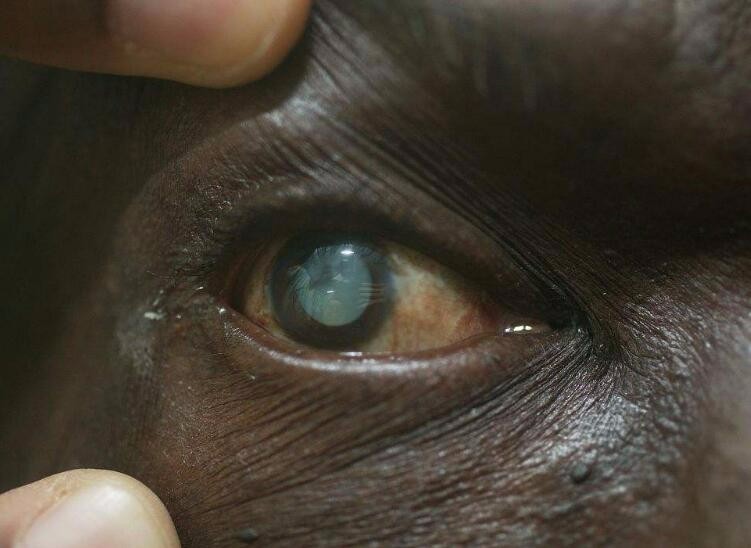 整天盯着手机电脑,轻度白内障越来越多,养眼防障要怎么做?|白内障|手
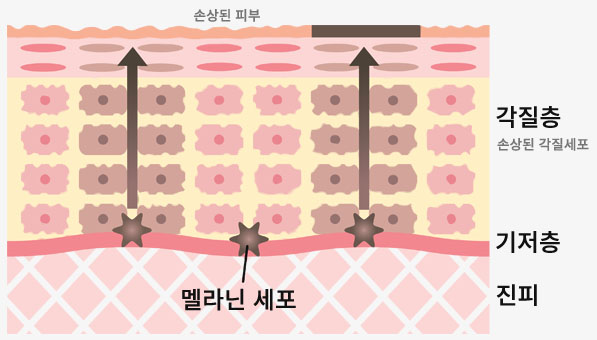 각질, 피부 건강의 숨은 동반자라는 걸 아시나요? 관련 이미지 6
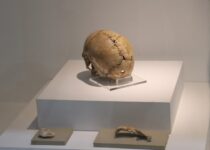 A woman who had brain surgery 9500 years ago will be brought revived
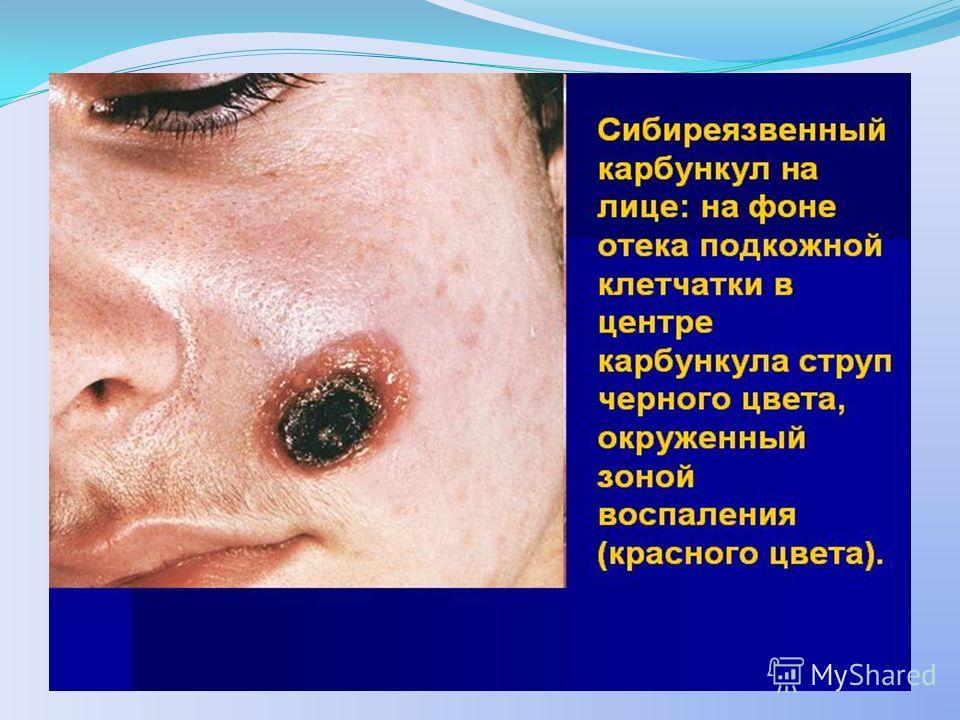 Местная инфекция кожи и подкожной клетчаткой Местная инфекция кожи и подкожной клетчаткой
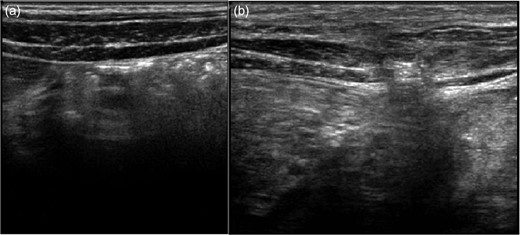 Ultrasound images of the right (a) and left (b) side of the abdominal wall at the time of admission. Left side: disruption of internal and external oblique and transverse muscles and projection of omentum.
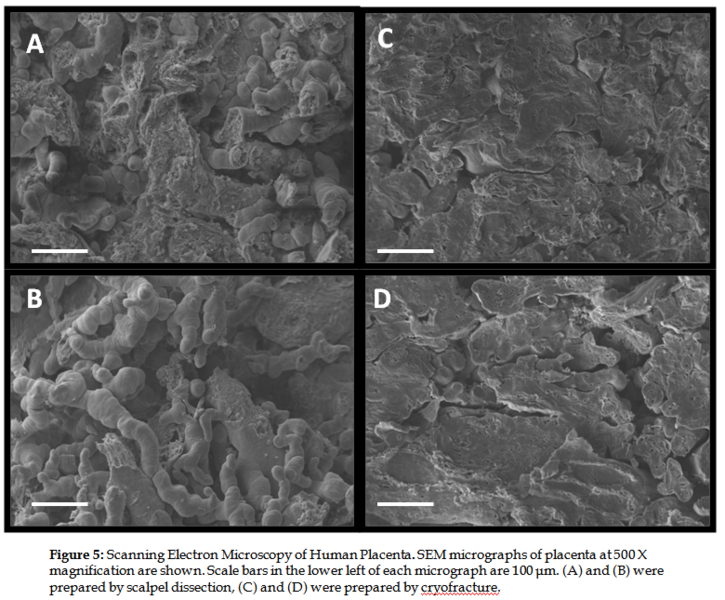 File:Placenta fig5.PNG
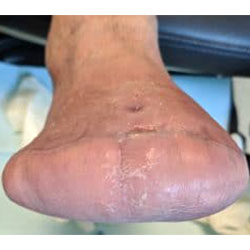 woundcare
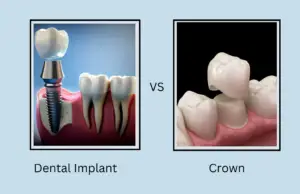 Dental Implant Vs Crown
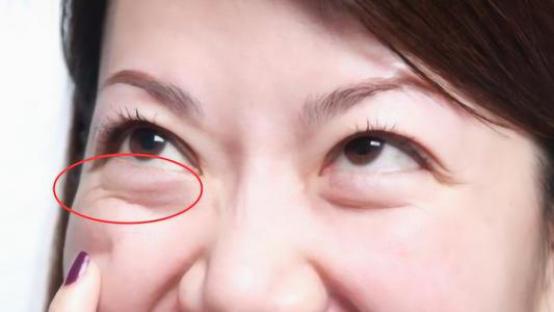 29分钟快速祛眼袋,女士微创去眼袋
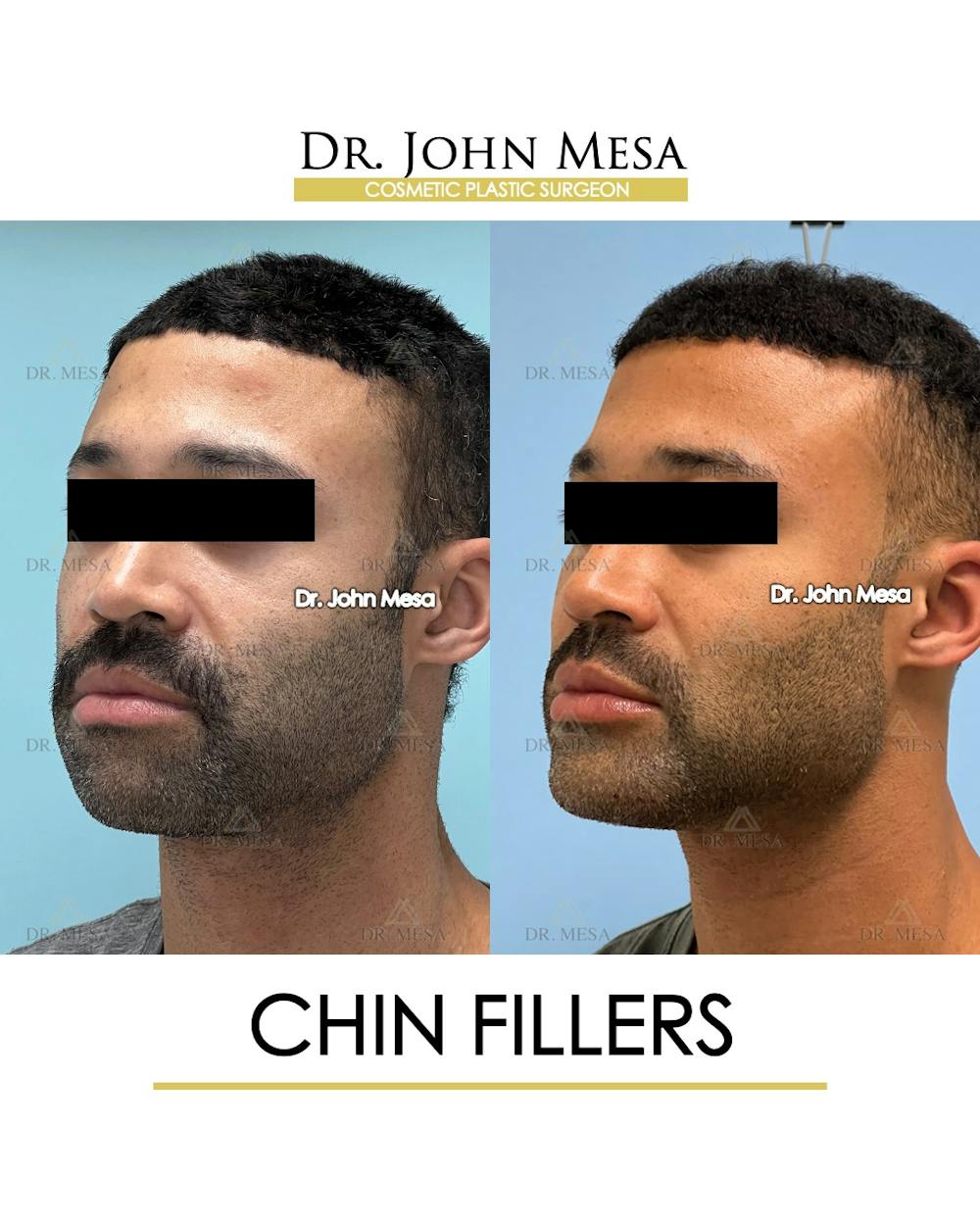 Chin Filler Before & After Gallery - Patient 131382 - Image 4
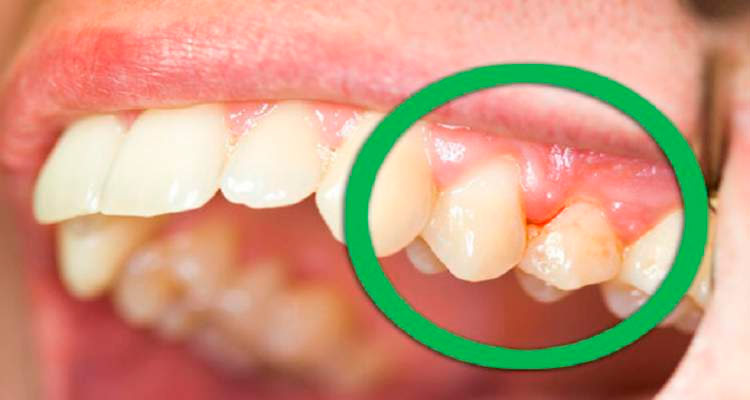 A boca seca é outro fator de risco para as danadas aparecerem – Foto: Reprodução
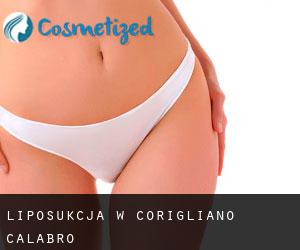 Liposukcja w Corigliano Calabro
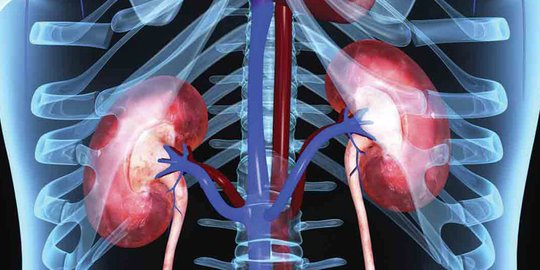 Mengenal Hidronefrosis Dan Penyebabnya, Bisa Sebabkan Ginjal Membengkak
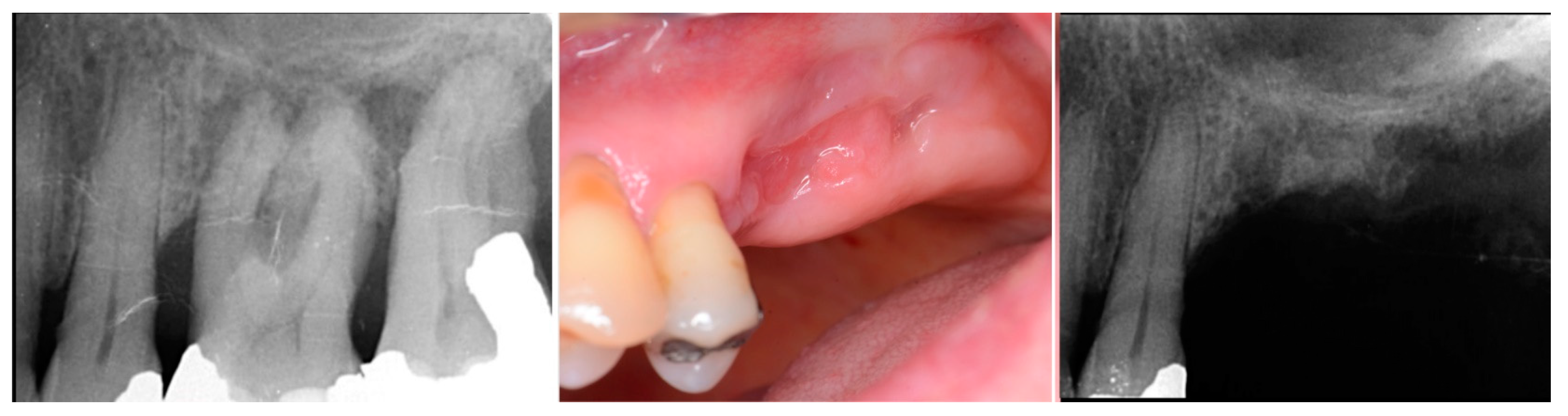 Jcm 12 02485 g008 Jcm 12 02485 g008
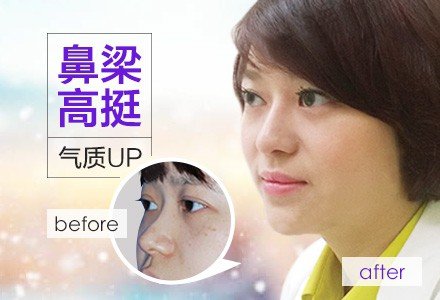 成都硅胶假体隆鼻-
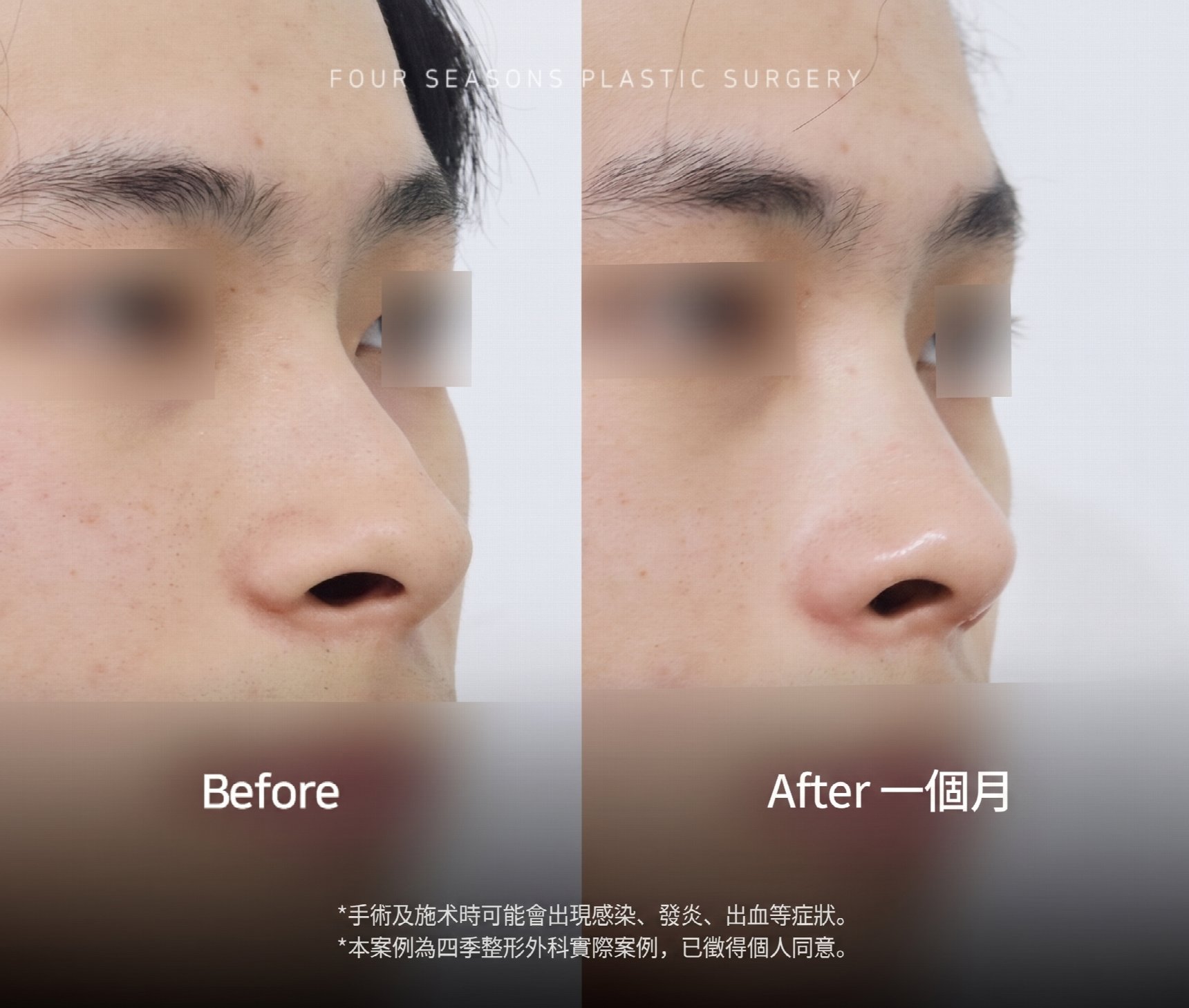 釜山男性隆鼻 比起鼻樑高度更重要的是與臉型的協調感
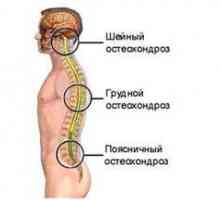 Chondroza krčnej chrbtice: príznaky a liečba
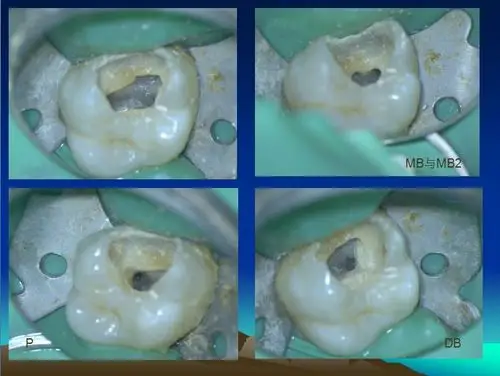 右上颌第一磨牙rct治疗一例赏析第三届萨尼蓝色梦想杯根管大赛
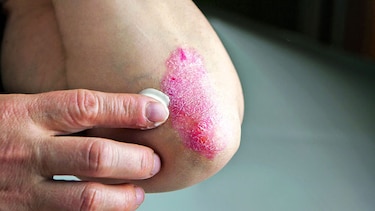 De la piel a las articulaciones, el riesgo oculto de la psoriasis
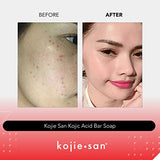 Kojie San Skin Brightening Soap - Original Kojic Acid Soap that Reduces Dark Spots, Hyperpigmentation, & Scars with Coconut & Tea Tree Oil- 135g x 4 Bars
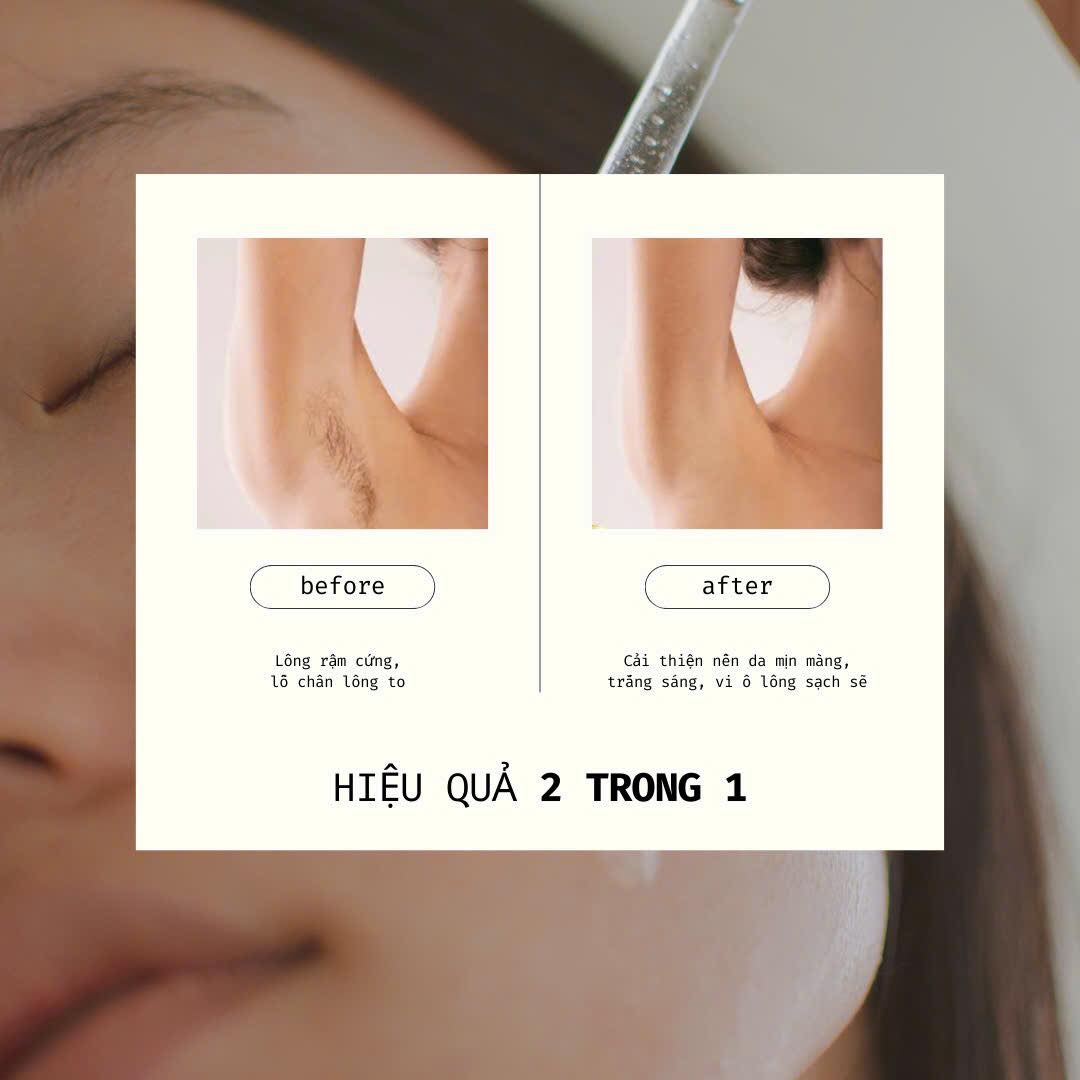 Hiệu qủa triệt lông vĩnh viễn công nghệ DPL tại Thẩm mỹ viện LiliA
● ● ● ● ●
» **Problem details**:
Restate the data word for word without pictures.

» **Task response**:
 整天盯着手机电脑,轻度白内障越来越多,养眼防障要怎么做?|白内障|手
 각질, 피부 건강의 숨은 동반자라는 걸 아시나요? 관련 이미지 6
 A woman who had brain surgery 9500 years ago will be brought revived
 Местная инфекция кожи и подкожной клетчаткой Местная инфекция кожи и подкожной клетчаткой
 Ultrasound images of the right (a) and left (b) side of the abdominal wall at the time of admission. Left side: disruption of internal and external oblique and transverse muscles and projection of omentum.
 File:Placenta fig5.PNG
 woundcare
 Dental Implant Vs Crown
 29分钟快速祛眼袋,女士微创去眼袋
 Chin Filler Before & After Gallery - Patient 131382 - Image 4
 A boca seca é outro fator de risco para as danadas aparecerem – Foto: Reprodução
 Liposukcja w Corigliano Calabro
 Mengenal Hidronefrosis Dan Penyebabnya, Bisa Sebabkan Ginjal Membengkak
 Jcm 12 02485 g008 Jcm 12 02485 g008
 成都硅胶假体隆鼻-
 釜山男性隆鼻 比起鼻樑高度更重要的是與臉型的協調感
 Chondroza krčnej chrbtice: príznaky a liečba
 右上颌第一磨牙rct治疗一例赏析第三届萨尼蓝色梦想杯根管大赛
 De la piel a las articulaciones, el riesgo oculto de la psoriasis
 Kojie San Skin Brightening Soap - Original Kojic Acid Soap that Reduces Dark Spots, Hyperpigmentation, & Scars with Coconut & Tea Tree Oil- 135g x 4 Bars
 Hiệu qủa triệt lông vĩnh viễn công nghệ DPL tại Thẩm mỹ viện LiliA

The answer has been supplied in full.